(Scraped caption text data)
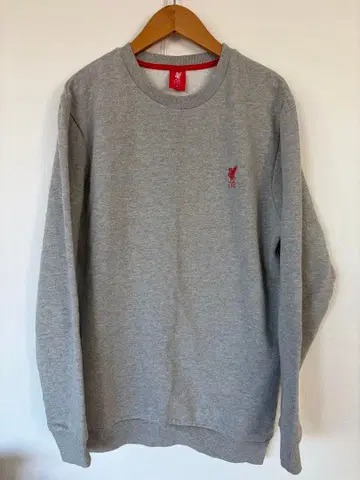 LFC 크루넥 그레이 말 스웨트셔츠 S 사이즈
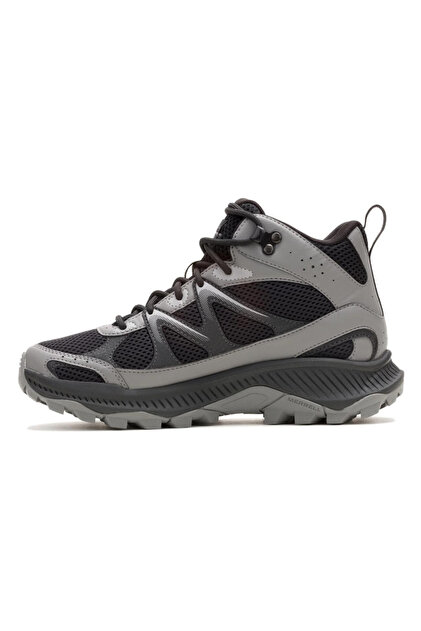 Merrell J038275 TEMPO EXP MID WP Erkek Outdoor Bot Siyah Gri
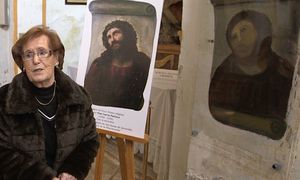 Wykonała najgorszą renowację obrazu. Nie żyje Cecilia Giménez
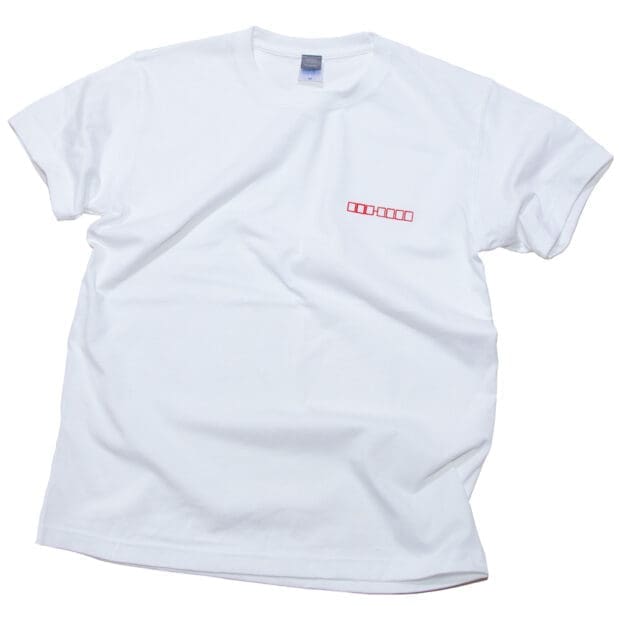 郵便番号 刺しゅう Tシャツ 拡大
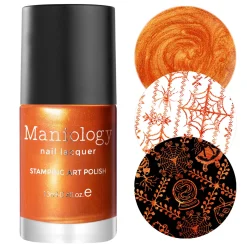 Perfect Trio: 3-Piece Morocco Sunset Nail Stamping Polish Set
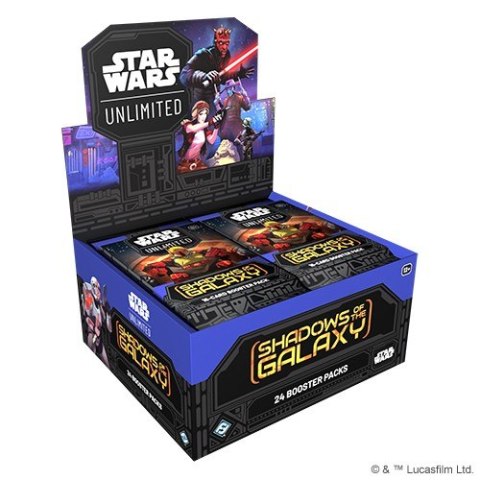 Gra Star Wars: Unlimited - Shadows of the Galaxy - Booster Box Rebel Gra Star Wars: Unlimited - Shadows of the Galaxy - Booster Box Rebel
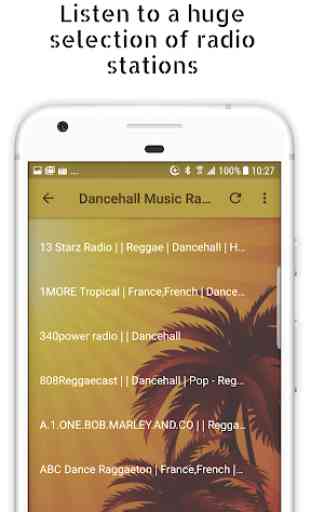 Dancehall Music Radio Stations 2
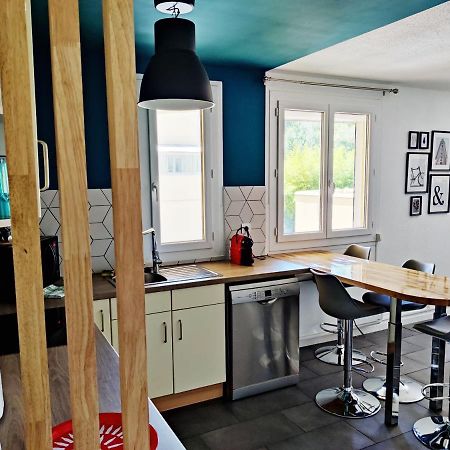 Suite 450 - T4 + 2 Terrasses + Parking Montpellier Exterior foto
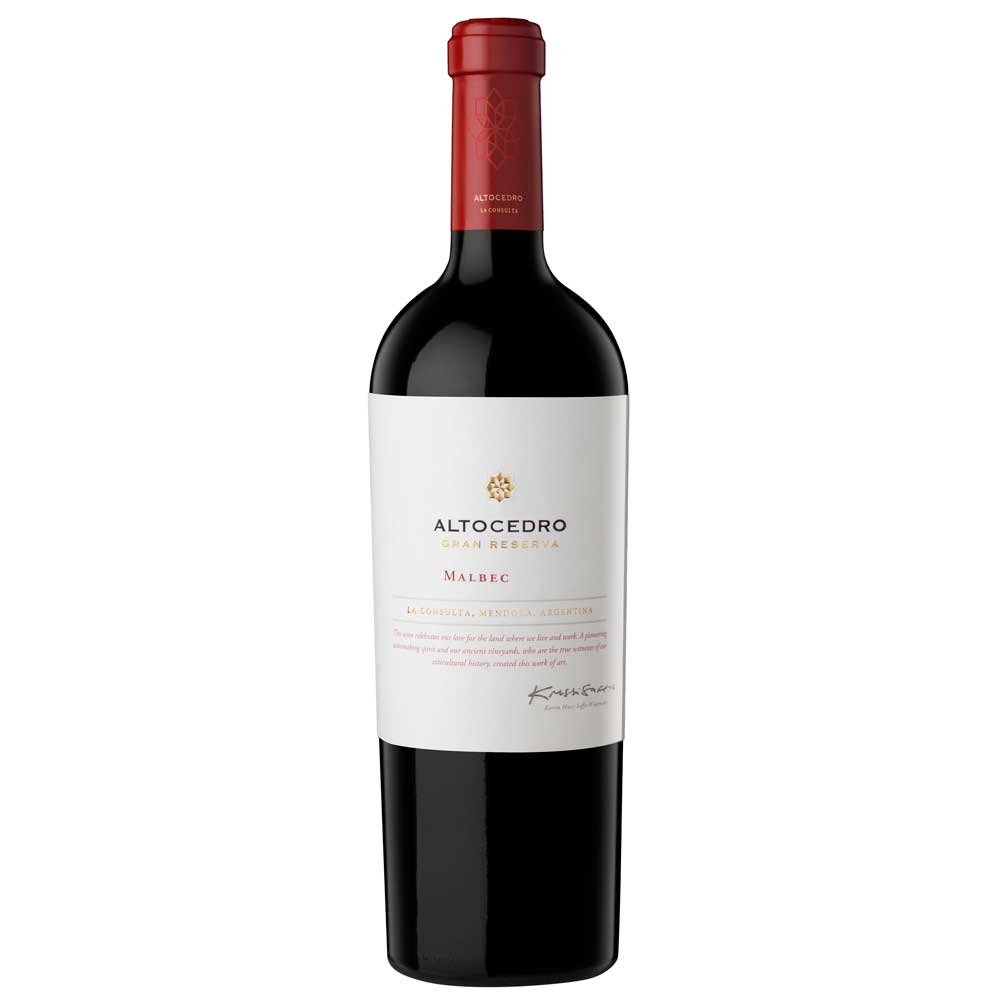 Altocedro Gran Reserva Malbec 2013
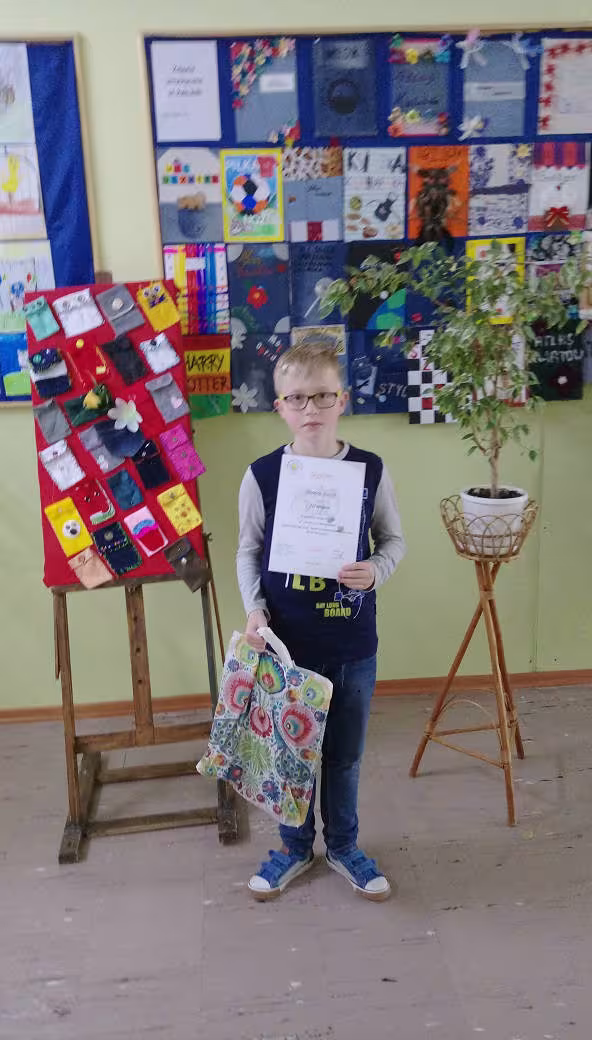 III miejsce w konkursie plastycznym — zdjęcie 1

### Task objective
Your task is to copy the entries in full and exactly, without any images.

### Response to the task
 LFC 크루넥 그레이 말 스웨트셔츠 S 사이즈
 Merrell J038275 TEMPO EXP MID WP Erkek Outdoor Bot Siyah Gri
 Wykonała najgorszą renowację obrazu. Nie żyje Cecilia Giménez
 郵便番号 刺しゅう Tシャツ 拡大
 Perfect Trio: 3-Piece Morocco Sunset Nail Stamping Polish Set
 Gra Star Wars: Unlimited - Shadows of the Galaxy - Booster Box Rebel Gra Star Wars: Unlimited - Shadows of the Galaxy - Booster Box Rebel
 Dancehall Music Radio Stations 2
 Suite 450 - T4 + 2 Terrasses + Parking Montpellier Exterior foto
 Altocedro Gran Reserva Malbec 2013
 III miejsce w konkursie plastycznym — zdjęcie 1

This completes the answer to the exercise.